# Board Suggestions



## FLuiD (Jul 6, 2009)

matt1389 said:


> Im a beginner rider with 1 year experience looking for a new board and with so many boards to choose from i don't know which to get. i like to ride the entire mountain and do a little jumping as well. im 5ft 11in and weigh 160lbs. the board im looking at right now is the K2 Turbo Dream and im willing to spend roughly $400 for a new board. thanks for the help.


First do a little research here or other online sources. There is a TON of good stuff out there.

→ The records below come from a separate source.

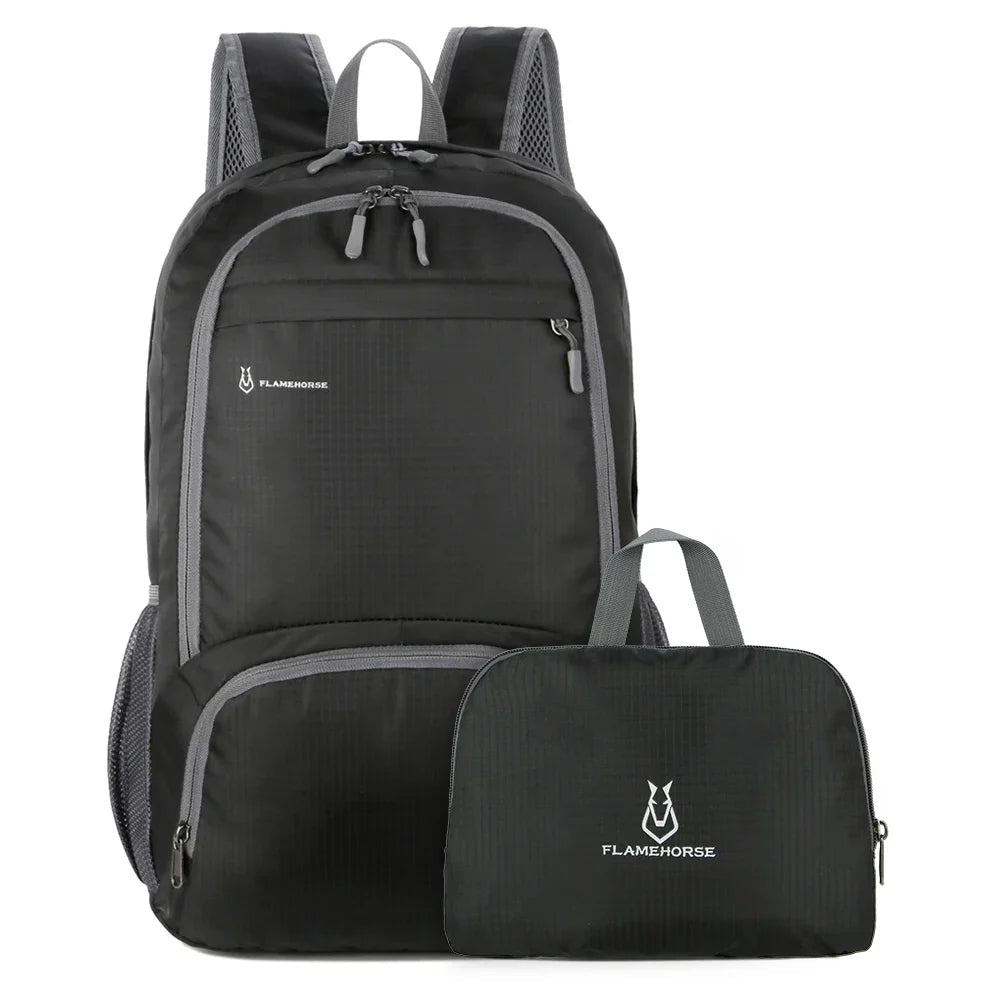 TrekVita Foldable Backpack | Ultralight & Waterproof | 31×14×47 cm | Outdoor & Travel Backpack for Men & Women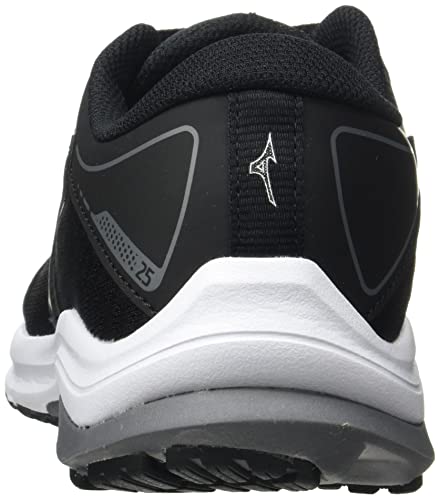 Mizuno Wave Rider 25 Jr, Zapatillas de Running, Black/MetallicShadow/QShade, 36.5 EU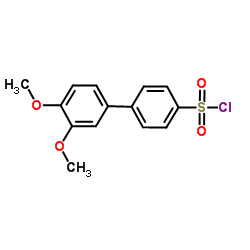 3',4'-Dimethoxy-4-biphenylsulfonyl chloride Structure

What size boot? What make/model/size board have you been riding? If you ride the entire mountain...where do you spend most of your time?


----------



## Guest (Jul 26, 2009)

my boot size is an 11 and iv been riding an old burton board that was my friends but it doesnt really fit me since he was like 5ft 6in. i dont spend much time in the park since i just started but i want a board that will be able to go there if i choose to at some point. mainly i want to just go fast down the hill with good control and jumping ability


----------



## Milo303 (Apr 6, 2009)

You might look into a never summer revolver, judging by what you've mentioned. It's kind of one of those all around sticks.


----------



## jibbherr (Jul 25, 2009)

yeah the never summer would be a good choice. also look at the k2 darkstar or parkstar. you can get em in a 54 wide and they have the right flex, sidecut, and shae to get you all over the mountain. there killer in the park if you want to go there as well.


----------



## Guest (Jul 26, 2009)

o by the way the snow ill be riding on is mostly packed powder

after looking around the K2 jibpan caught my eye would that be a good fit


----------



## Milo303 (Apr 6, 2009)

Don't forget about the 3 year never summer warranty, since your a newer rider. ( :


----------



## Guest (Jul 28, 2009)

thanks for the advice i think im gonna go with the never summer revolver R that comes out in september. what size do u think would be the best to get


----------



## FLuiD (Jul 6, 2009)

Milo303 said:


> Don't forget about the 3 year never summer warranty, since your a newer rider. ( :


Sweet cans in that avatar! Nice!!!


----------